Why is paid employment important? It is important to the employee most
obviously as a source of income. Note that it is not the case that work outside
employment is an easy alternative: at one time, it was argued by some that a combination
of unemployment, self-provisioning and work in the informal economy provided an
alternative to the formal economy, but research found that such work tends to be
additional rather than an alternative to formal employment. Work is also important to the
employee as a means of identity. ‘What do you do for a living?’ is a standard query to
locate a new acquaintance.

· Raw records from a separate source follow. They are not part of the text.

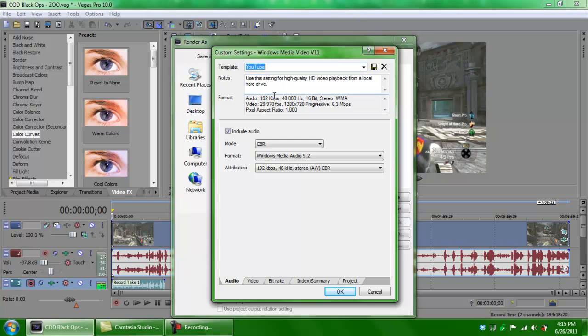I'm going to go through the settings the same way I did in the project properties — about five to ten seconds per tab. You can pause the video if you want. We've already been on the audio tab; let's get to the video tab settings.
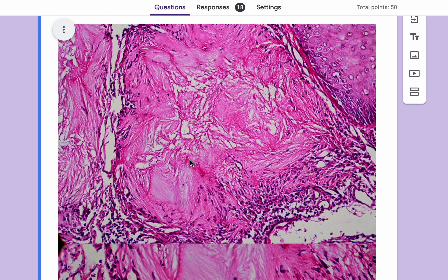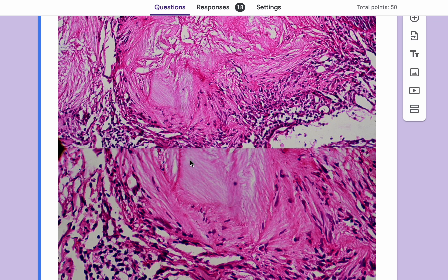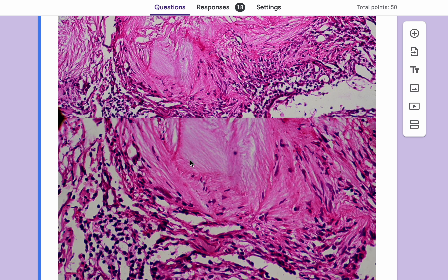These are urate crystals. Urate is usually dissolved in formalin-fixed sections, so you need alcohol-fixed sections to see the urate deposits. However, this is a pretty classical histological H&E picture on formalin-fixed sections, and you don't often need special stains or special fixation methods if you know what you're looking for.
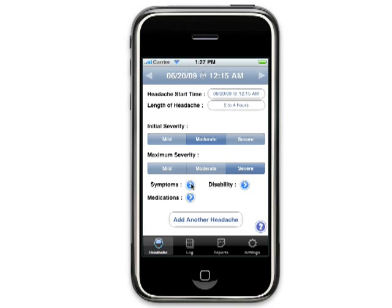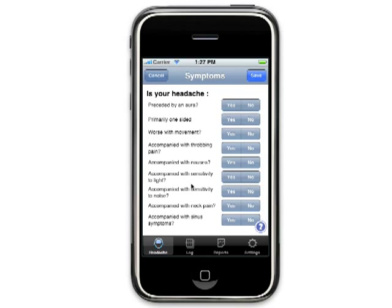You can also update your symptoms, medication, and disability at any time. Information about symptoms, medication, and disability is optional, but it helps to create a complete headache report for you and your physician. Add or edit these items on the headache by pressing the arrow next to the selection. Once the section has been entered and saved, a check mark will be displayed.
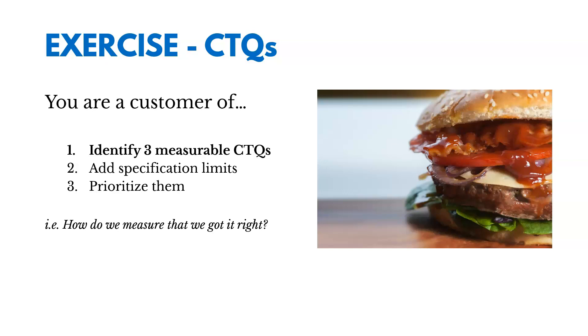Some way you could measure that is maybe the temperature of the burger during cooking. You'd measure that maybe in degrees. And then the thickness of the burger. You could measure that in centimeters or inches. You could also measure the freshness of the burger. What's the age of the ingredients in days? So those could be ways or CTQs we could measure to make sure we're achieving customer expectations.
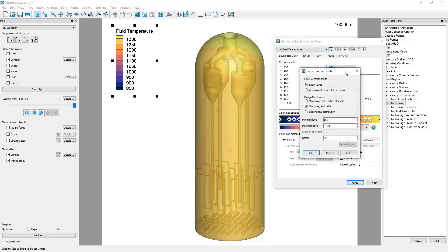Here, we can pick a minimum value, a maximum value, and decide how these levels are created. We can either specify the number of levels or use a delta.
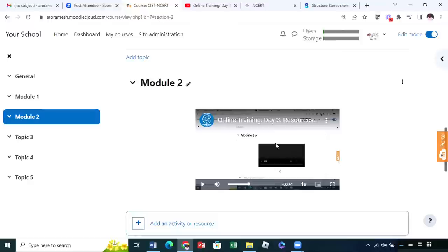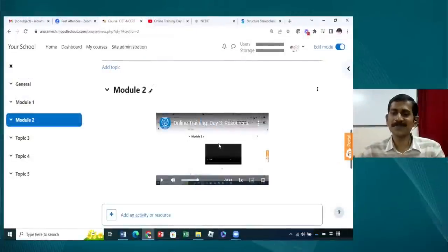Once you click save changes, you are redirected to the course page. You can verify the video by clicking the play button. The video plays from YouTube, but you can watch it directly from the course page. The advantage of this method is that if you give a direct YouTube link, students will go to YouTube and see other unnecessary videos. But if you embed the video this way, they will see only this particular video and remain on your course page. This is the way you can add your videos from YouTube. If you have a video from Google Drive, you can use the same method.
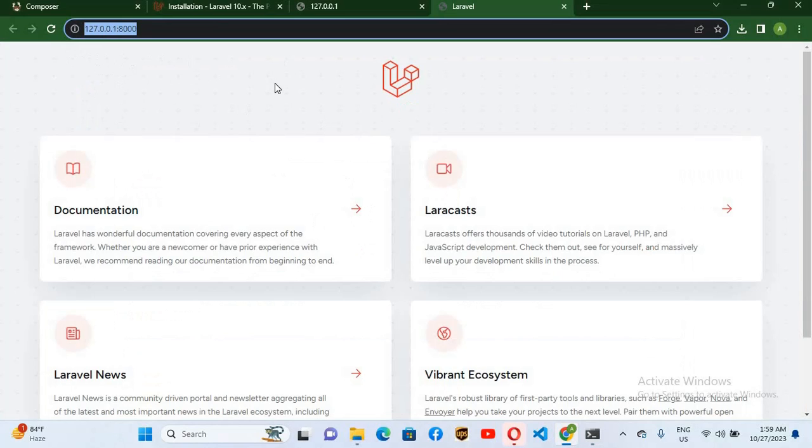So in this way you can install Laravel on Windows 11 and run Laravel apps on Windows 11.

And what goes on within the employment relationship is
crucial, not only in terms of the pay which is earned but also the conditions under which
it is earned: the degree of autonomy the employee is granted, the safety of the work
environment, the opportunity for training and development, and so on.
For the employer the work relationship is crucial in two different senses. First, it
is commonly argued that capital and technologies are increasingly readily available, so
that a firm’s competitive position depends on the skills and knowledge of its workers.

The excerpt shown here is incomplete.